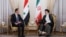 A handout picture provided by the Iranian presidency on May 08, 2022 shows Iranian President Ebrahim Raisi (R) receiving Syrian President Bashar al-Assad in the capital Tehran. (Photo by Iranian Presidency/AFP)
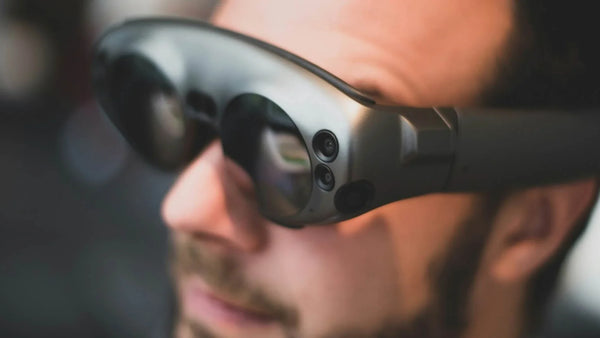 AR glasses with front-facing cameras worn for spatial computing and mixed-reality use.
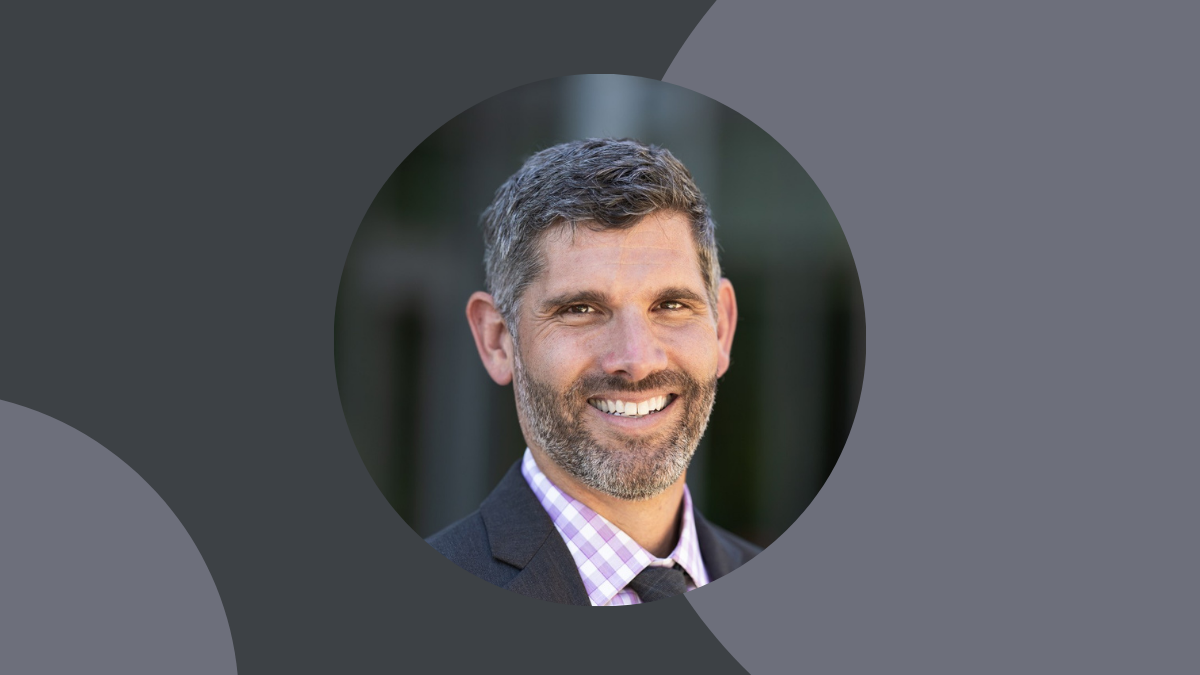 Gray visual with headshot of Dr. Edward Spang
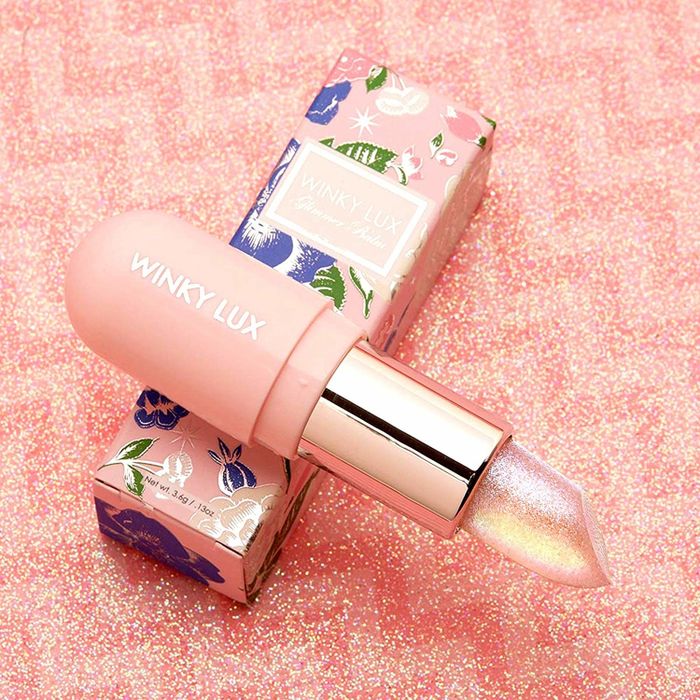 The lip balm in a sparkling light pink hue.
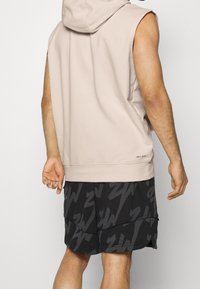 Sleeveless beige hoodie with a hood, relaxed fit, paired with black shorts featuring a bold, dark gray lightning bolt pattern.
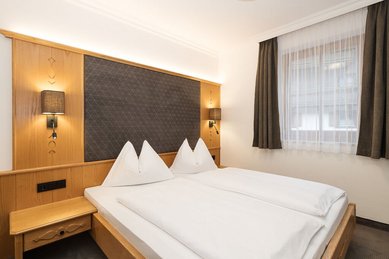 Elternschlafbereich im Familienhotel Oberkarteis mit Doppelbett, Holzdetails und gemütlicher Beleuchtung im alpinen Stil.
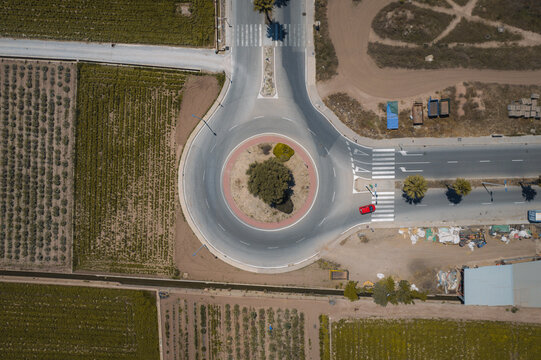 Aerial view of a roundabout with a red car driving on the side in agricultural fields, Alboraia, Valencia, Spain.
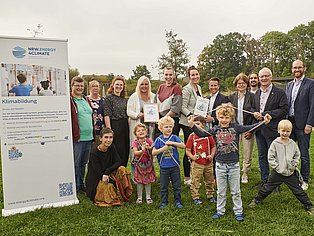 Gruppenbild der Kita-Leitung Moosstiege mit Kindern der Kita und der Auszeichnung zur KlimaKita.NRW.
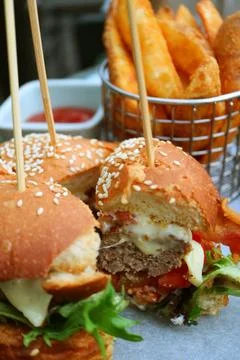 Vertical Image of Cut Thick and Cheesy Burger with French Fries Photos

○ ○ ○

*Work instruction:* The reply must consist of the complete listing, reproduced exactly, with no images.

*Output for this exercise:*
 A handout picture provided by the Iranian presidency on May 08, 2022 shows Iranian President Ebrahim Raisi (R) receiving Syrian President Bashar al-Assad in the capital Tehran. (Photo by Iranian Presidency/AFP)
 AR glasses with front-facing cameras worn for spatial computing and mixed-reality use.
 Gray visual with headshot of Dr. Edward Spang
 The lip balm in a sparkling light pink hue.
 Sleeveless beige hoodie with a hood, relaxed fit, paired with black shorts featuring a bold, dark gray lightning bolt pattern.
 Elternschlafbereich im Familienhotel Oberkarteis mit Doppelbett, Holzdetails und gemütlicher Beleuchtung im alpinen Stil.
 Aerial view of a roundabout with a red car driving on the side in agricultural fields, Alboraia, Valencia, Spain.
 Gruppenbild der Kita-Leitung Moosstiege mit Kindern der Kita und der Auszeichnung zur KlimaKita.NRW.
 Vertical Image of Cut Thick and Cheesy Burger with French Fries Photos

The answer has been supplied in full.